Introduction: With over 16 million veterans comprising 6% of the adult US population, and a quarter of all US deaths, the end-of-life experience for veterans is complex. Given that 96% of veteran deaths occur outside of US Veteran Affairs (VA) facilities, there is a significant gap in specialized end of life care for this population. By fostering open communication, providing comprehensive support, and respecting patient and family preferences, ICUs can transform into spaces of hope and dignity. Leveraging the power of ritual and tradition, such as the Final Salute, can provide profound meaning and closure for veteran patients and their families.
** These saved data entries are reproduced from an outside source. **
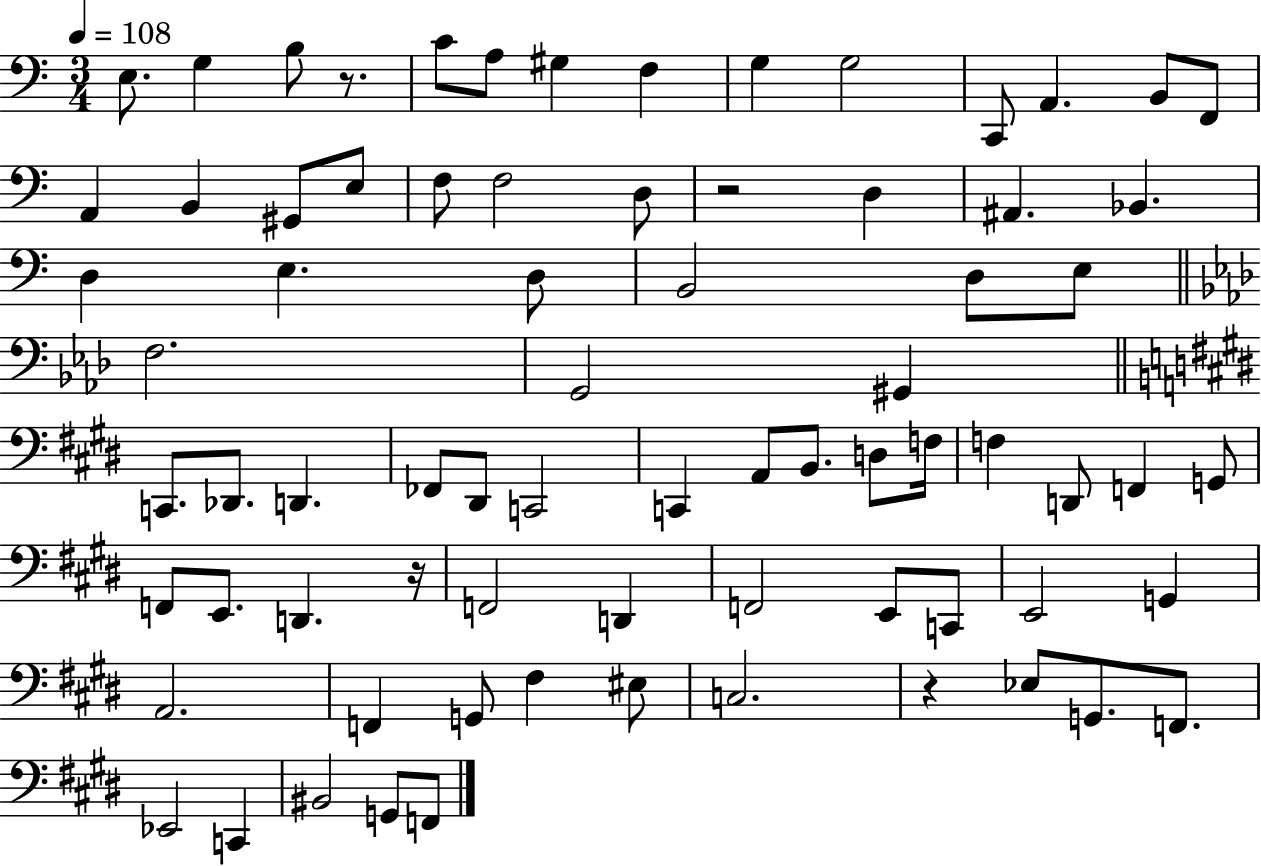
{
  \clef bass
  \numericTimeSignature
  \time 3/4
  \key c \major
  \tempo 4 = 108
  e8. g4 b8 r8. | c'8 a8 gis4 f4 | g4 g2 | c,8 a,4. b,8 f,8 | \break a,4 b,4 gis,8 e8 | f8 f2 d8 | r2 d4 | ais,4. bes,4. | \break d4 e4. d8 | b,2 d8 e8 | \bar "||" \break \key aes \major f2. | g,2 gis,4 | \bar "||" \break \key e \major c,8. des,8. d,4. | fes,8 dis,8 c,2 | c,4 a,8 b,8. d8 f16 | f4 d,8 f,4 g,8 | \break f,8 e,8. d,4. r16 | f,2 d,4 | f,2 e,8 c,8 | e,2 g,4 | \break a,2. | f,4 g,8 fis4 eis8 | c2. | r4 ees8 g,8. f,8. | \break ees,2 c,4 | bis,2 g,8 f,8 | \bar "|."
}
However, the underutilization of these ceremonies in civilian healthcare settings highlights the need for innovative approaches to support veterans at the end of life.
Description: A veteran who was admitted to a civilian ICU a complex surgical history, including bowel obstruction and multiple revisions that was complicated by septic shock. The patient was treated for his infections and eventually extubated and being prepped for yet another operation when the patient's condition deteriorated rapidly. The patient’s daughter was 9 months pregnant requested a dignified end-of-life, contrasting with her mother’s traumatic ICU death, which involved terminal chest compressions. During the initial counseling about the various comfort care measures, the medical team learned that the patient’s military service was a major part of his identity. Upon the patient’s death, nurses and residents draped the body with a US flag. The patient was wheeled through a hallway lined with staff, residents, and fellow veterans for a formal salute. Once the patient left the unit, The flag was folded and presented to the daughter, who expressed how meaningful this whole event was to her and her family, and that it's exactly what her father would have wanted.
Discussion: This case demonstrates the ease and impact of the integration of military traditions and the creation of supportive environments for patients and their families during end-of-life care for veterans in civilian healthcare settings.